● **What to produce**: Tally every line of the material that includes "ručej", then give the tally and nothing else.
....
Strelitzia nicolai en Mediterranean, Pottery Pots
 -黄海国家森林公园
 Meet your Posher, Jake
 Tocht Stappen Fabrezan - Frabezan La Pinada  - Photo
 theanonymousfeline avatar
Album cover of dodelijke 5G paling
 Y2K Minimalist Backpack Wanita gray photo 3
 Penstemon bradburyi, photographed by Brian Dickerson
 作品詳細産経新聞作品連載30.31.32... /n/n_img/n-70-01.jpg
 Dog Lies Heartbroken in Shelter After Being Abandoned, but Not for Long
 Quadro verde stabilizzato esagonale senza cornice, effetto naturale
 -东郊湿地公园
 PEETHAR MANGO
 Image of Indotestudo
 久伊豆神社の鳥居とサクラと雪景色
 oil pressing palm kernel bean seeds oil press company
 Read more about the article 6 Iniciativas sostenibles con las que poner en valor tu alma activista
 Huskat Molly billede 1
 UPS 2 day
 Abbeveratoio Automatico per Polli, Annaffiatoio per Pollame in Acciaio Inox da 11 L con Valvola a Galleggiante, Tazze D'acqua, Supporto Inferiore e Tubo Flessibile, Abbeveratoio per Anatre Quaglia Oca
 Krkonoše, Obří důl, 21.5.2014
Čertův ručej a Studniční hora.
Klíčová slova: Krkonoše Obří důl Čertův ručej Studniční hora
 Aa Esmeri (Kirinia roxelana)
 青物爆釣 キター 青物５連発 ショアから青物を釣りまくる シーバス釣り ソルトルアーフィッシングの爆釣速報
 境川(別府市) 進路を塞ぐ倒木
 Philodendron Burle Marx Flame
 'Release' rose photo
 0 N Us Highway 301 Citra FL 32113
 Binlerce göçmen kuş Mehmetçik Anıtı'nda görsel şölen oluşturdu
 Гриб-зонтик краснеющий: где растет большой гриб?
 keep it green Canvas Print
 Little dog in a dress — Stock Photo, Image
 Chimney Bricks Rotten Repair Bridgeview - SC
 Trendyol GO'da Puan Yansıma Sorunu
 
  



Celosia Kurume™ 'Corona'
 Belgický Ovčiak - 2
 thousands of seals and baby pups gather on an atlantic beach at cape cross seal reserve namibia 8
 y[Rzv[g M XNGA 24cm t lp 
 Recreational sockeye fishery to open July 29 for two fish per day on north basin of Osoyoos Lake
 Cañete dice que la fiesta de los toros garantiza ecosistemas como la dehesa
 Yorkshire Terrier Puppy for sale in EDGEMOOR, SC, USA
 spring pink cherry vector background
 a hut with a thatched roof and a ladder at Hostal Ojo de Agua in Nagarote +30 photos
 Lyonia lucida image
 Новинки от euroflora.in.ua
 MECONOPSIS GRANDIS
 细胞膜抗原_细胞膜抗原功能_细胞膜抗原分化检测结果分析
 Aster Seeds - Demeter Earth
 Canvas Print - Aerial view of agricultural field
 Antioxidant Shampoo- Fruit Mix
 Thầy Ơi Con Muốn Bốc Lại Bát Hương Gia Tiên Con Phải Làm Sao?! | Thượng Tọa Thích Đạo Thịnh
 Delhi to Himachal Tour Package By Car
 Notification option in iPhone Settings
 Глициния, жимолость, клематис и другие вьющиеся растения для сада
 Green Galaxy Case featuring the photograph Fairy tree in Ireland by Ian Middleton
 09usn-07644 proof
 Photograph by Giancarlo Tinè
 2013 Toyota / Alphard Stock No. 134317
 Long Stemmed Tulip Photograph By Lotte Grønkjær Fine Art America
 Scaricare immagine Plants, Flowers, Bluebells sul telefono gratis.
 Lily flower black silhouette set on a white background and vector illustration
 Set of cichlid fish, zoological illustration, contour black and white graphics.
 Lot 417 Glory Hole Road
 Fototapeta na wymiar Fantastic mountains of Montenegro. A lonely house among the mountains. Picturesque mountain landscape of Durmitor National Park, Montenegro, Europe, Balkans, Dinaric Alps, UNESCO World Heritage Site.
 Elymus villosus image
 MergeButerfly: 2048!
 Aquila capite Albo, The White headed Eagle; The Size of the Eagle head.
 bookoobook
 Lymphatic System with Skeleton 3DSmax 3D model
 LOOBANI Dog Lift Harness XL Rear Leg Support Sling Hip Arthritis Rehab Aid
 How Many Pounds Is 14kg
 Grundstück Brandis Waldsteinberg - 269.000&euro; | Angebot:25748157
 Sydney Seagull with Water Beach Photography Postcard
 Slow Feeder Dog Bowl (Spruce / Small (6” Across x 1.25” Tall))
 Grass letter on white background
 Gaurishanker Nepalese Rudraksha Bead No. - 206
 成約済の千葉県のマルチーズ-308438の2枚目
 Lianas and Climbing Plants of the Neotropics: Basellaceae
....
● **Solution for this problem**: 2